This project is part of the Final Degree Project for Computer Science at Universidad Complutense de Madrid (UCM).
AlphaZero is a general-purpose reinforcement learning algorithm developed by DeepMind in 2017. It can learn from tabula rasa, given no domain knowledge except the game rules, and achieves superhuman performance in combinational games such as Go and Chess. It uses self-play, so that it starts playing randomly against itself and gradually learns further comprehension of the game.

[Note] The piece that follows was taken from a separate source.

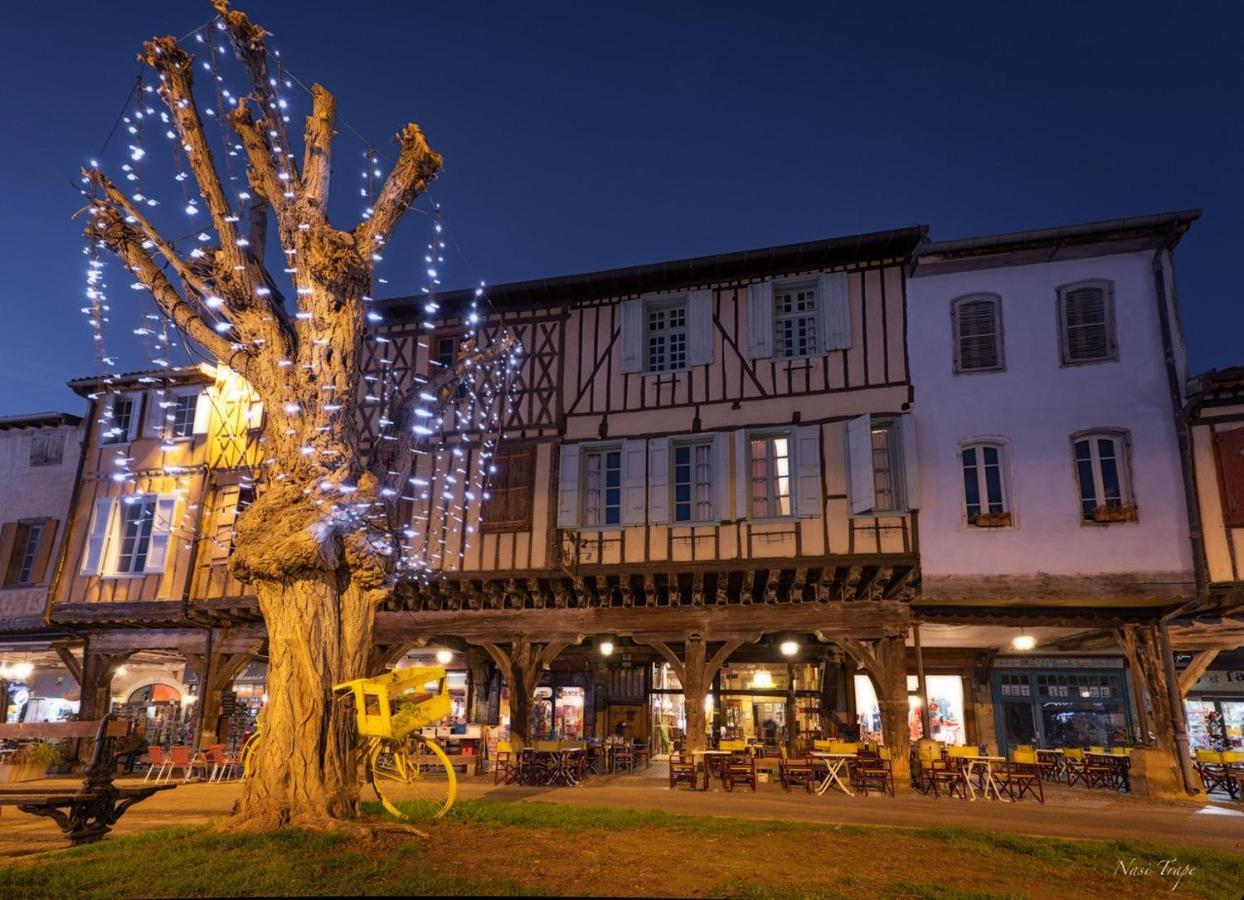 La Maison Des Consuls Mirepoix  Dış mekan fotoğraf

In this project, we develop our own version of AlphaZero, capable of being executed on a personal computer.
Due to the lack of powerful computational resources, we have focused in less complex games such as Tic-Tac-Toe and Connect 4. However, our implementation is highly versatile and it can be used for any game very easily. In order to verify that our implementation is learning properly, we have tested it against other implemented algorithms (Minimax and Monte Carlo Tree Search).
A thoroughly description of the project can be found in the project memory.
This repository is divided into multiple folders:
- tfg: the core of the project is in this folder. The implementation is divided into several modules: game representation, strategies, neural network and the actual AlphaZero.
- game: game implementations are found in this folder.
- models: in this folder we store some neural network models and checkpoints for saving and testing purposes.
- experiments: in this folder we keep the Jupyter Notebooks that were used for testing the implementation.
See Requirements.
You can see an example of execution in the Jupyter Notebooks included in the experiments folder.
- Pablo Sanz Sanz - Project Member - Soy-yo
- Juan Carlos Villanueva Quirós - Project Member - jcturing
- Antonio A. Sánchez Ruiz-Granados - Project Manager - antsanchucm
This project is licensed under the MIT License.